Eventually G.R. realized that I wasn't attempting to contact him anymore and he caught me one day eating by myself and sat down and attempted to "explain" himself. He said that he hadn't been coming around because whenever we talked, I told him that he never made enough time for me and it made him feel bad. He kept trying to use his job as the excuse for why he never contacted me, even when we were in port, but I wasn't buying it. He apologized, and I just stared at him. Sounds like a bitchy move I know, but I am a firm believer that the only time an apology is valid is when the person giving the apology plans to correct what it is that they are apologizing for. My intuition told me that there would be no changes on G.R.'s end so I wasn't going to waste my time getting my hopes up that he would do anything different. He eventually gave up altogether and we haven't spoken for a month or so. I still see him around of course, but in my opinion, there's nothing to be said at this point.

There's another story I have to tell, but this is getting long already. I will go over that story next time around....probably in the next month or so lol.

Sunday, July 14, 2013

Bored on a Sunday.

This time tomorrow I'll be on the road back to Virginia. Not thrilled about it, but it is what it is. I'm not ready to go back for obvious reasons (limited number of friends, living on the ship, having to eat on the ship or having to spend money if I want to eat outside of the ship), but I'm also a tiny, TINY bit ready to get back because it will be time for us to go on deployment. I hope that we really go this time. I am ready to start "stacking" money and climb out of the hole I've been in for so long. I only have one credit card left to pay off, my car loan, and everything else is student loans. I know the student loans will take time to pay off (which I have to learn to live with....I am NEVER taking out another student loan again), but my goal is to have the credit card paid off by the time deployment is over. I also want to have enough saved so I can get my own place when we get back, and maybe get a payment plan set up for braces too. I know that seems kind of random, but getting my teeth fixed has always been something that I wanted but couldn't because of limited funds and/or resources. I'm hoping to get the Invisalign braces because I feel like metal braces would be kind of embarrassing at my age. I've read stuff about how the Navy won't pay for braces while you're on sea duty because of the ever-changing schedule, but I don't care. If they want to be douchebags about it, I'll foot the bill myself. I've always been self-conscious about my teeth and I think it's about time I started feeling confident when I smile. I know it sounds cheesy, but it's what I want.

My old laptop officially took a dump. In addition to the battery dying even when it's plugged in, it no longer connects to the Internet. I'm still not in a place to purchase another one yet and if we live when we are supposed to, I probably won't get much use out of it anyway. That good ol' ship internet is always janky too; half the time the only thing you can log into is ship e-mail and Facebook....and that's pushing it. I said all that to say my posting will probably go back to non-existent for a while, which sucks. It seems like some of the people whose blogs I follow are "over" blogging, but I think this is something I will stick with even if no one reads it.

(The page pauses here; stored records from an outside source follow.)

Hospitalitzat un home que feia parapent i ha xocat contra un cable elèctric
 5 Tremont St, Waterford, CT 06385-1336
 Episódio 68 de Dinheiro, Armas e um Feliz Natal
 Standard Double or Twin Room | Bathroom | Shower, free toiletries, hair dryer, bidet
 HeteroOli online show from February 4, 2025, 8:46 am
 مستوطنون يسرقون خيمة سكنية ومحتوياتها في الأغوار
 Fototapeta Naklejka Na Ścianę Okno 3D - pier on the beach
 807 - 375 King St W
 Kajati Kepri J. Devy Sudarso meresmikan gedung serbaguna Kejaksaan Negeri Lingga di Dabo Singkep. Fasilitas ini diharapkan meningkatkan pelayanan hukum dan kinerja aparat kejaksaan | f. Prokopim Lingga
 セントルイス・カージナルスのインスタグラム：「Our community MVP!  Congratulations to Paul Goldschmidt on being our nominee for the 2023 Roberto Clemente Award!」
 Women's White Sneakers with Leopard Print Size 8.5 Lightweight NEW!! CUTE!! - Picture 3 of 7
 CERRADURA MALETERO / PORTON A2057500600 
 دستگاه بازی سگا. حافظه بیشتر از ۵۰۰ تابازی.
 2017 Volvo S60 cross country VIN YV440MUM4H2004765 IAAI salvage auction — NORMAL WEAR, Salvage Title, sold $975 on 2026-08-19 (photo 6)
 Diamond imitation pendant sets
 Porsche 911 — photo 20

I'll still try to keep up with the blogs of everyone that does still post, and maybe be able to throw in a few lines myself here and there. And if deployment gets cancelled again, of course I'll post another rant about that. Lol

Wednesday, July 10, 2013

Another Guy Story.

I feel a little lame for writing about another guy I've dealt with, but considering how flaky I've been with even writing at all, I'm just going to roll with it.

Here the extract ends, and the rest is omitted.